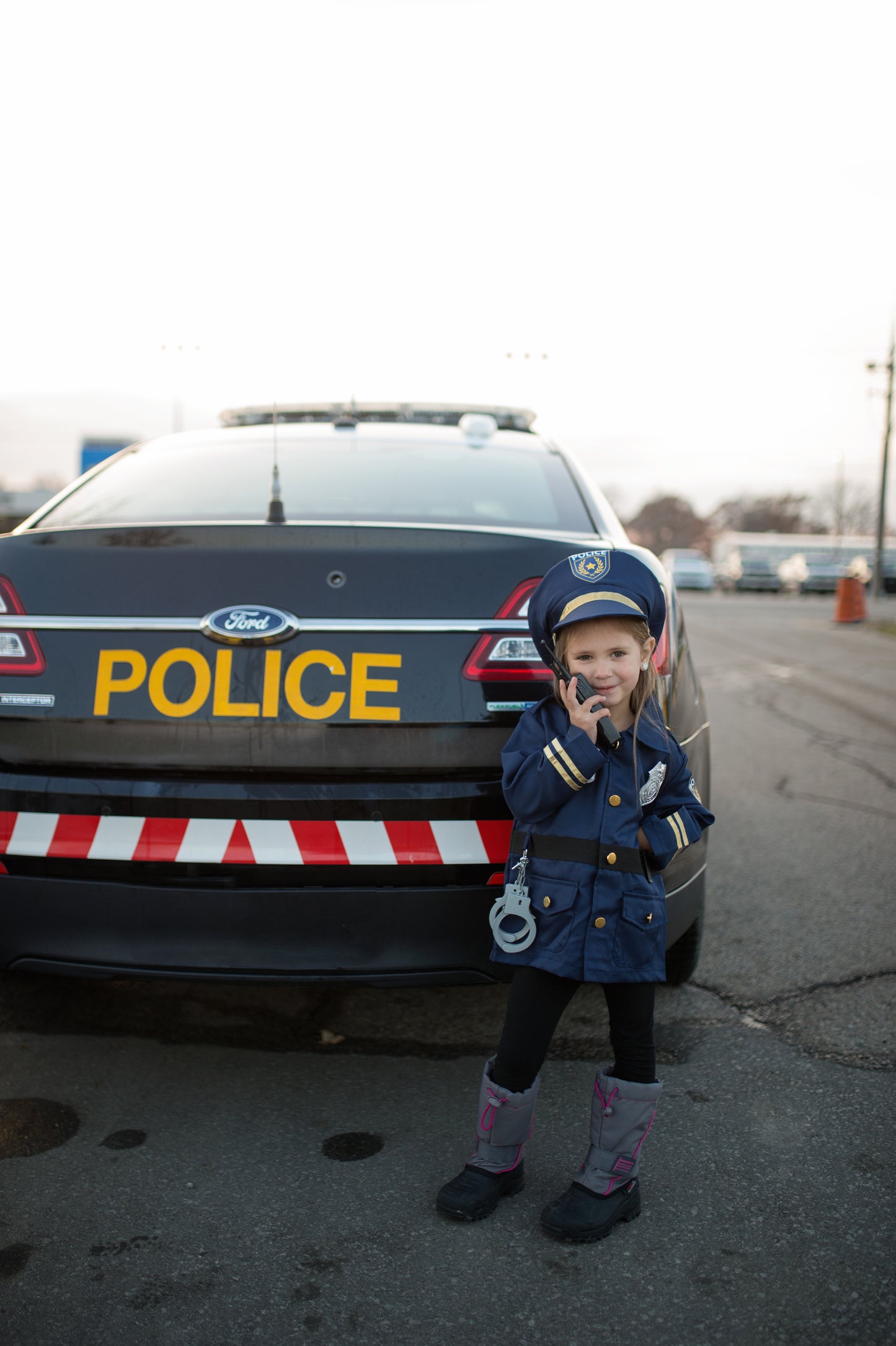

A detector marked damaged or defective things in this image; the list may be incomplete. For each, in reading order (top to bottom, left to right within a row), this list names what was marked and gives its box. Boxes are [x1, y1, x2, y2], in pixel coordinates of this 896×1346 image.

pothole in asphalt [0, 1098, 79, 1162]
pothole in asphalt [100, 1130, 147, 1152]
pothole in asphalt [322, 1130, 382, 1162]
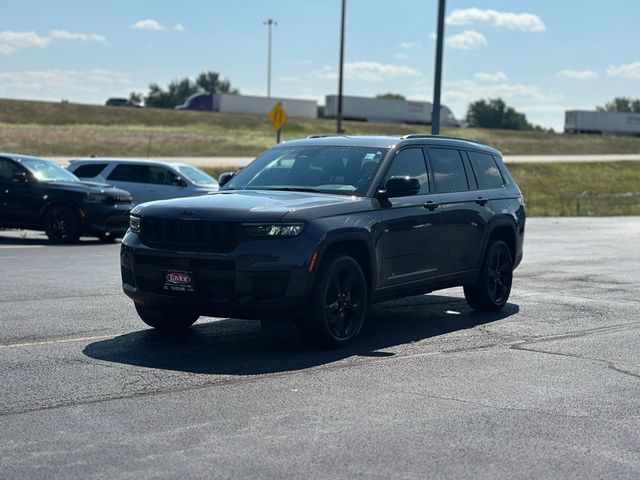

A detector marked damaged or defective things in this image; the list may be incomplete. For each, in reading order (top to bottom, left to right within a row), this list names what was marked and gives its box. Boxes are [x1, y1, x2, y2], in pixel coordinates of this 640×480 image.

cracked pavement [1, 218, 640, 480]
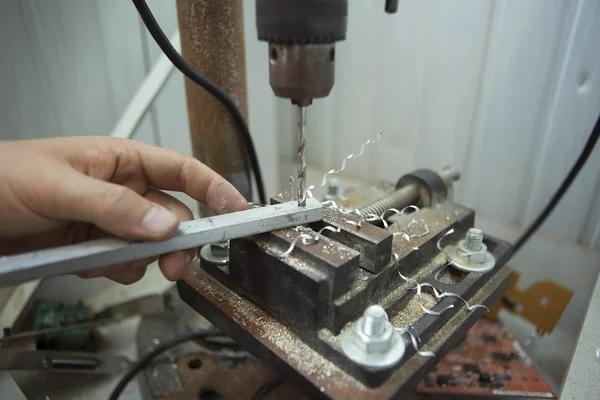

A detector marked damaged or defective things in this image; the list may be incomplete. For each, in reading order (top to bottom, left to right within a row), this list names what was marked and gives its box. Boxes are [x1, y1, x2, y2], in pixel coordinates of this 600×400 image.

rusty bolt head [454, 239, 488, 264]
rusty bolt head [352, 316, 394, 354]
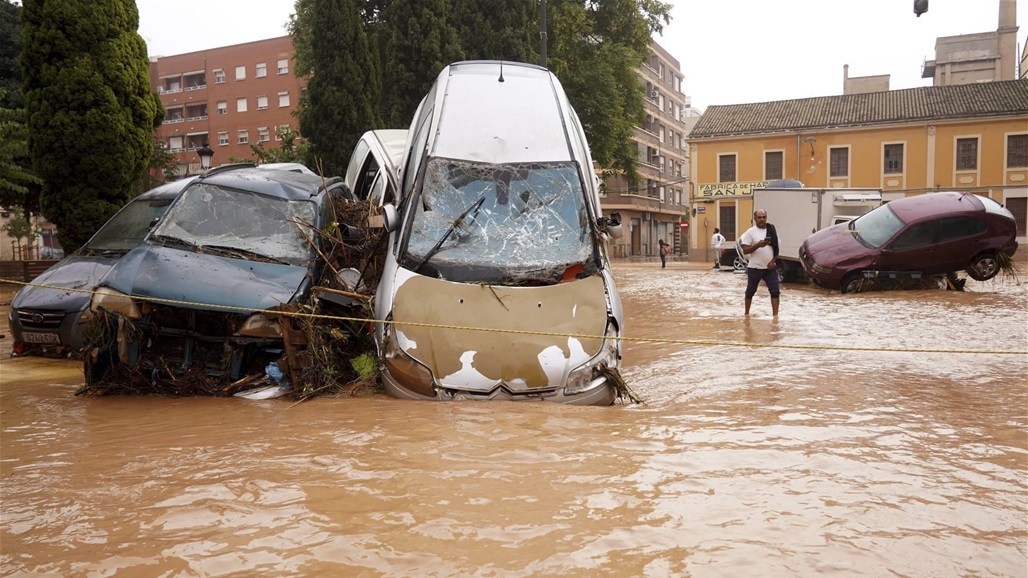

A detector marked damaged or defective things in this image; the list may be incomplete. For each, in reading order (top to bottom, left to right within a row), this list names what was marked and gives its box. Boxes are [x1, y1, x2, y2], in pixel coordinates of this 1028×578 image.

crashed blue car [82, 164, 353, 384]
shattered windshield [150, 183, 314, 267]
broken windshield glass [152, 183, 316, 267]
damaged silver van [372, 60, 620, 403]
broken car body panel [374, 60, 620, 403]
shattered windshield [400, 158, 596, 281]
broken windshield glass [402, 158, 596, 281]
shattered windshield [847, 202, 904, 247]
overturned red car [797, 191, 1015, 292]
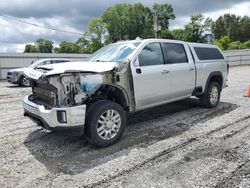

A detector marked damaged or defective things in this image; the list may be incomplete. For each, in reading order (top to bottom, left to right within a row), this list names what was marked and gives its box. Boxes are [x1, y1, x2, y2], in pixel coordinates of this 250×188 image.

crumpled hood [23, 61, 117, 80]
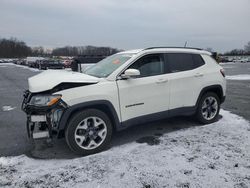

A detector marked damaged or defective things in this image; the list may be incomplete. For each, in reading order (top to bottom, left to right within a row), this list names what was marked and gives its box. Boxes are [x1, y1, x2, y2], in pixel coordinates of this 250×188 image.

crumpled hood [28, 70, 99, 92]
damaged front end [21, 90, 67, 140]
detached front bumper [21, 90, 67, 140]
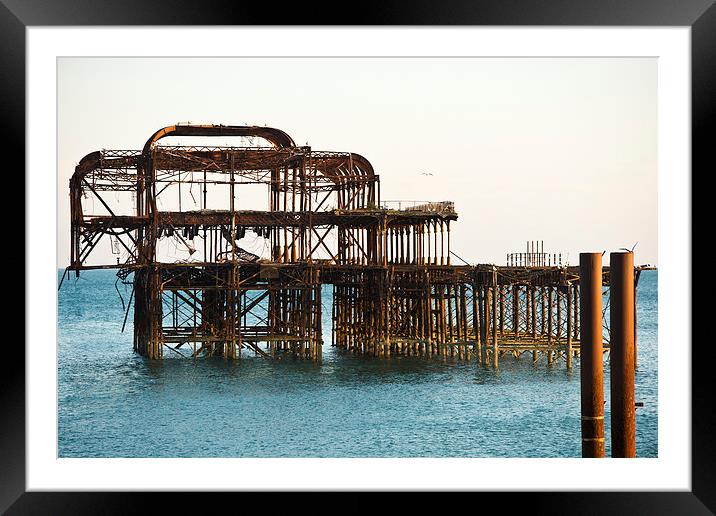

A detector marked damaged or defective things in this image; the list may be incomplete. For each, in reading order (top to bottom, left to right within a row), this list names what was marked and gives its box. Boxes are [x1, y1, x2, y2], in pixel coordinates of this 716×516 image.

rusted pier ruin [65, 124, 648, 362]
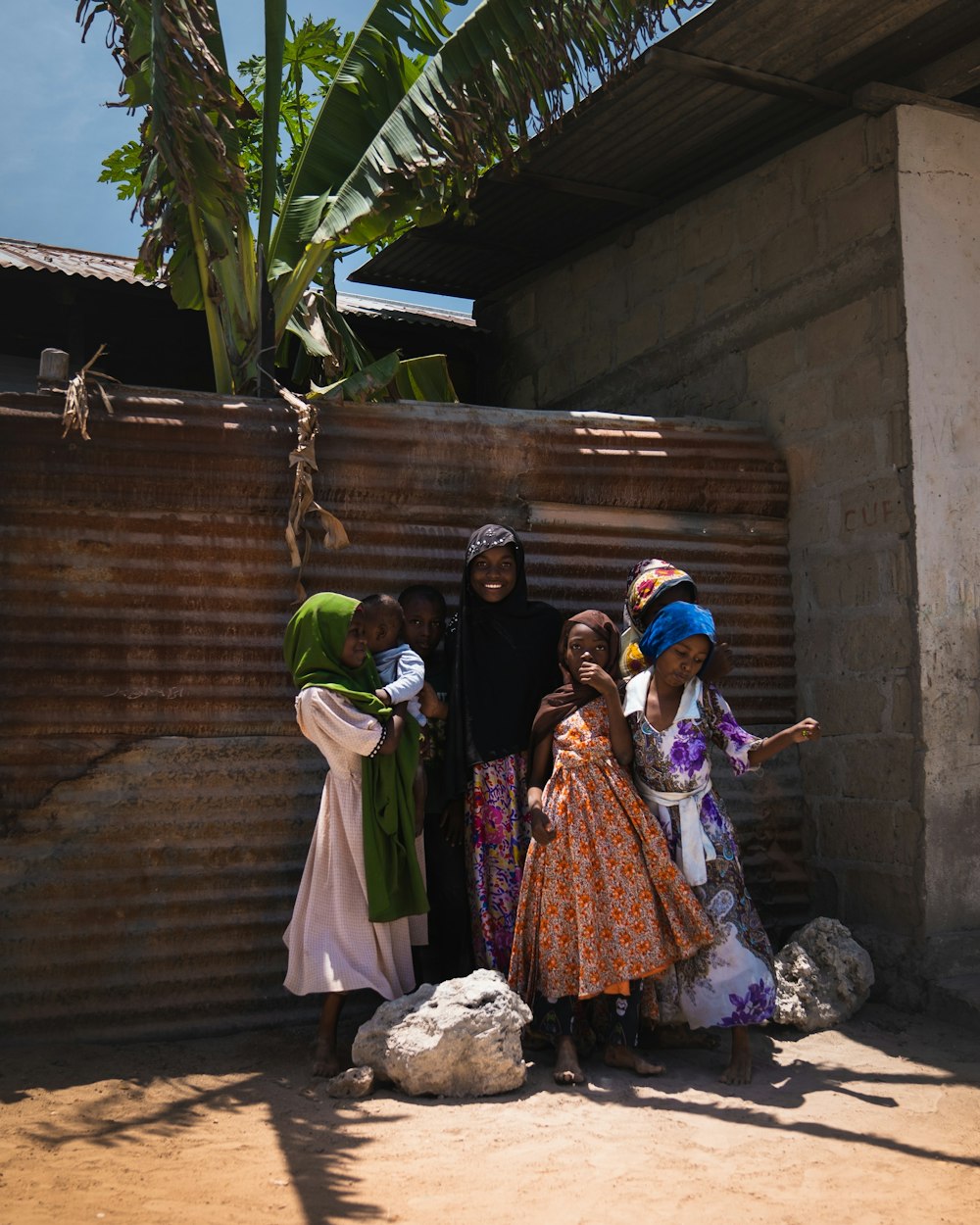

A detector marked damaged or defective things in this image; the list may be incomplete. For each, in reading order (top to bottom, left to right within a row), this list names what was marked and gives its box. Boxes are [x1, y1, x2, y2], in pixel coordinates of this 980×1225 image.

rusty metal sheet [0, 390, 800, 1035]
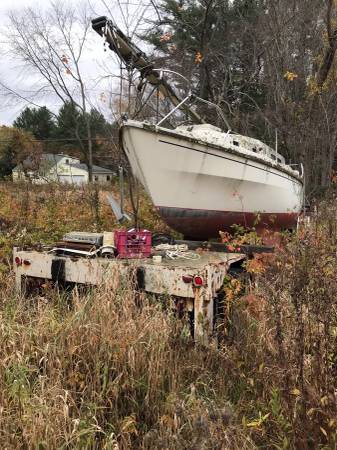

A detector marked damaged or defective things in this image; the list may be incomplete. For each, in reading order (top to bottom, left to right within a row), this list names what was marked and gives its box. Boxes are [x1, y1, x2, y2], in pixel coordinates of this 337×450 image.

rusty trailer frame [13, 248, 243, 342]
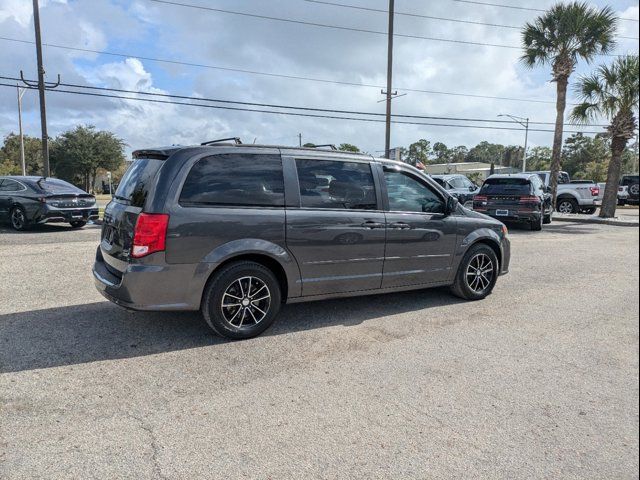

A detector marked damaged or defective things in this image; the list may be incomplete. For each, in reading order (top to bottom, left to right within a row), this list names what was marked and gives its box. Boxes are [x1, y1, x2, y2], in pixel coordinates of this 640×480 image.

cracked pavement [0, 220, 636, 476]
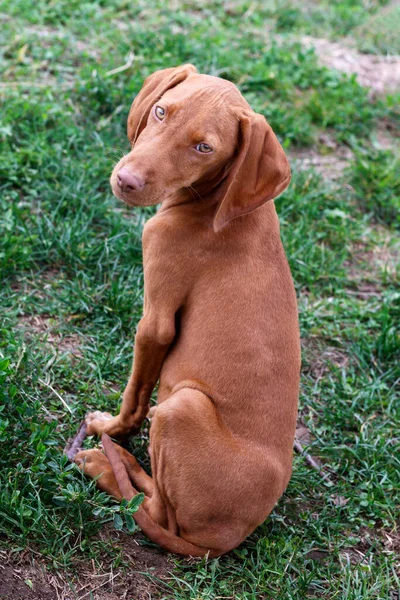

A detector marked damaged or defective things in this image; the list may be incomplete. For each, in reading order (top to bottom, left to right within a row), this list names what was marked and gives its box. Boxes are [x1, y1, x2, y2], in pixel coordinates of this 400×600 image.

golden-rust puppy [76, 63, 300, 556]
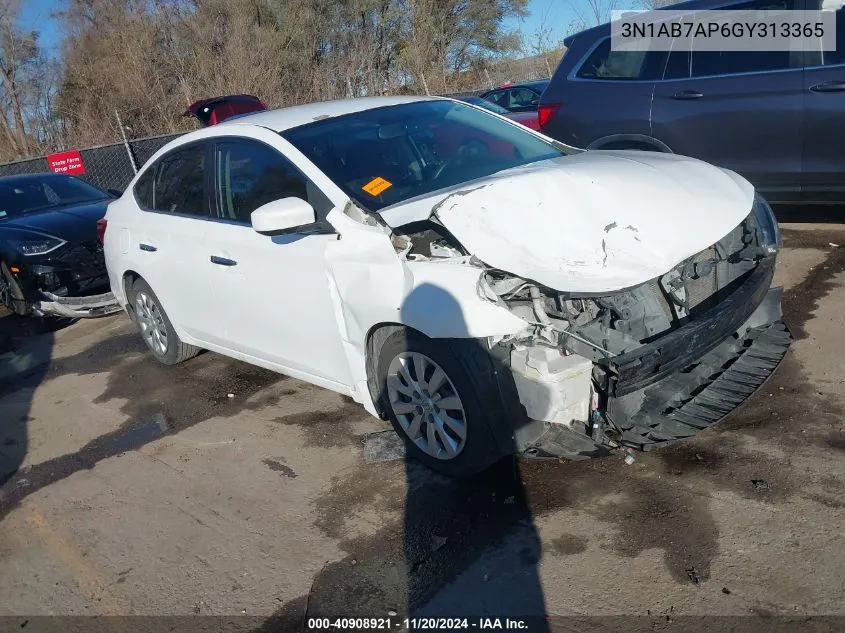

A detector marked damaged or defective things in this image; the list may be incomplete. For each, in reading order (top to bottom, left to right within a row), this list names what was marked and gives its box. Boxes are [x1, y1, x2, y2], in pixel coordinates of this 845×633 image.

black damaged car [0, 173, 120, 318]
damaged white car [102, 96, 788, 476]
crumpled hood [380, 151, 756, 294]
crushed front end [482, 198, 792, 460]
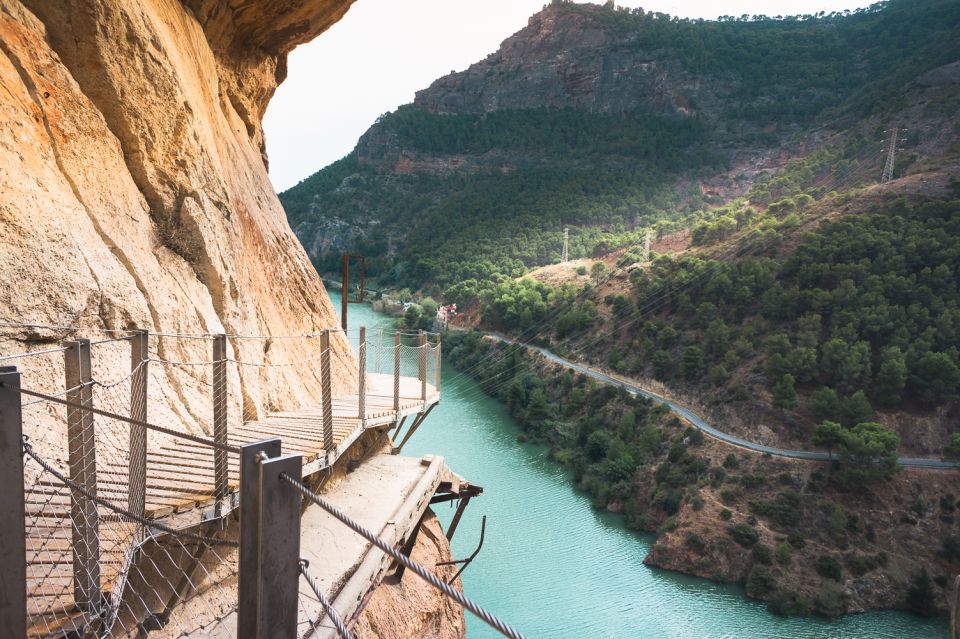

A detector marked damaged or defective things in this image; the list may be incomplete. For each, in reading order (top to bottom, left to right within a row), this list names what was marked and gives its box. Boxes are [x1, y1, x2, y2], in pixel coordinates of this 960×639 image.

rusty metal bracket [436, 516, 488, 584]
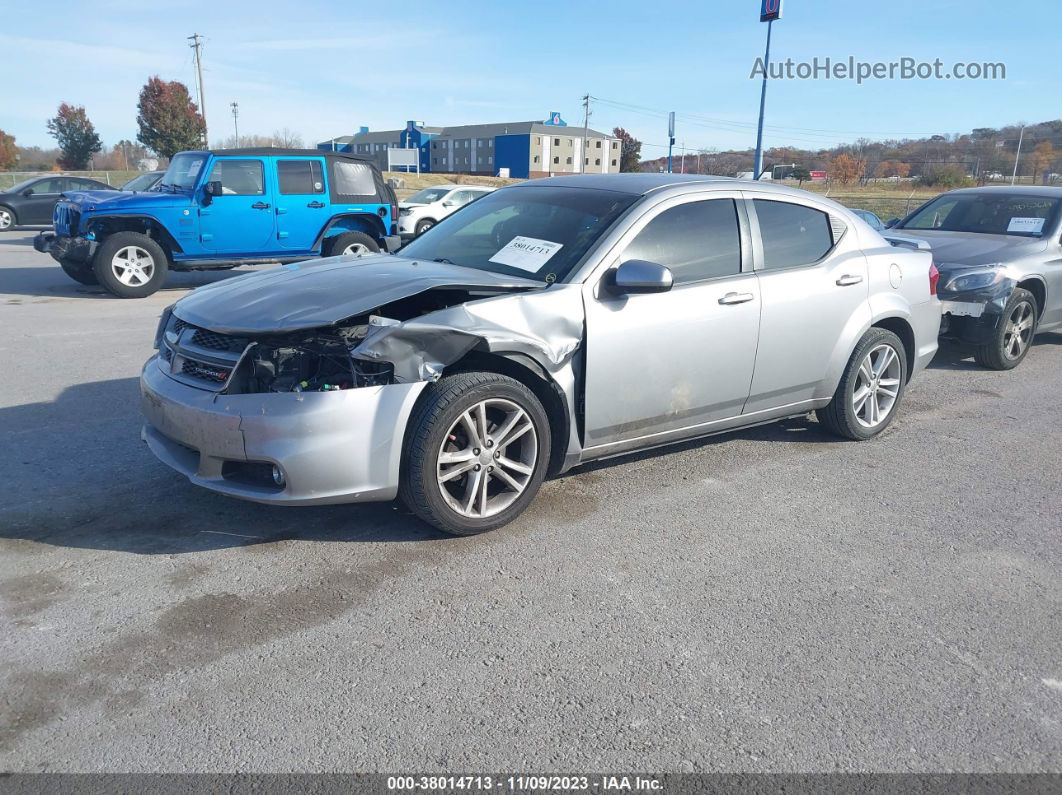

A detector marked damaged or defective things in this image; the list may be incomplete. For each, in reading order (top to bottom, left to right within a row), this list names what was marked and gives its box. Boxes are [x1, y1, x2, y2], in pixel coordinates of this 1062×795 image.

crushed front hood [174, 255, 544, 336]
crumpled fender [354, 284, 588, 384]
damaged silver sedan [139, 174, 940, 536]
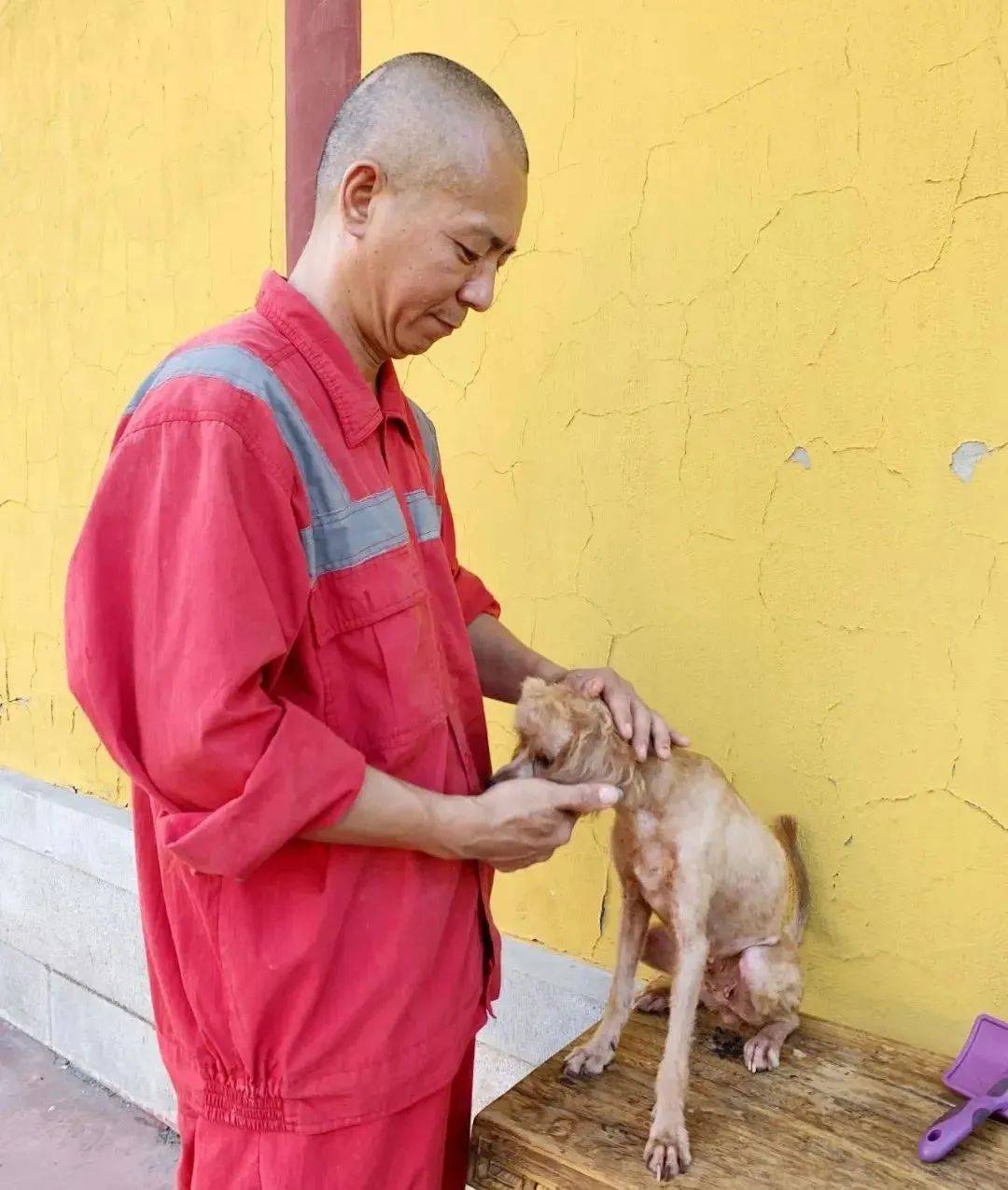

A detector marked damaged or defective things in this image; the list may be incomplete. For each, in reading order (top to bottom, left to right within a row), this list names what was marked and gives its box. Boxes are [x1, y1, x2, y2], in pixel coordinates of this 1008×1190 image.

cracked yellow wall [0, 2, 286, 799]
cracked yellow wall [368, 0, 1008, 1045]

> **TASK DETAILS**: In the data above, the line containing "this 1062×795 image." and all lines after it are to be reproduced exactly, leaving out the pictures.

> **ANSWER TO THE PROBLEM**:
A detector marked damaged or defective things in this image; the list may be incomplete. For each, in reading order (top to bottom, left to right within a row), this list names what was marked and gives its box. Boxes are [x1, y1, x2, y2], in pixel coordinates of this 1062×795 image.

crushed front hood [174, 255, 544, 336]
crumpled fender [354, 284, 588, 384]
damaged silver sedan [139, 174, 940, 536]

A detector marked damaged or defective things in this image; the list may be incomplete. For each, in reading order (top to bottom, left to right within a row), this list names what was marked and gives its box. Boxes are [x1, y1, x2, y2], in pixel coordinates of this 1008×1190 image.

cracked yellow wall [0, 2, 286, 799]
cracked yellow wall [368, 0, 1008, 1045]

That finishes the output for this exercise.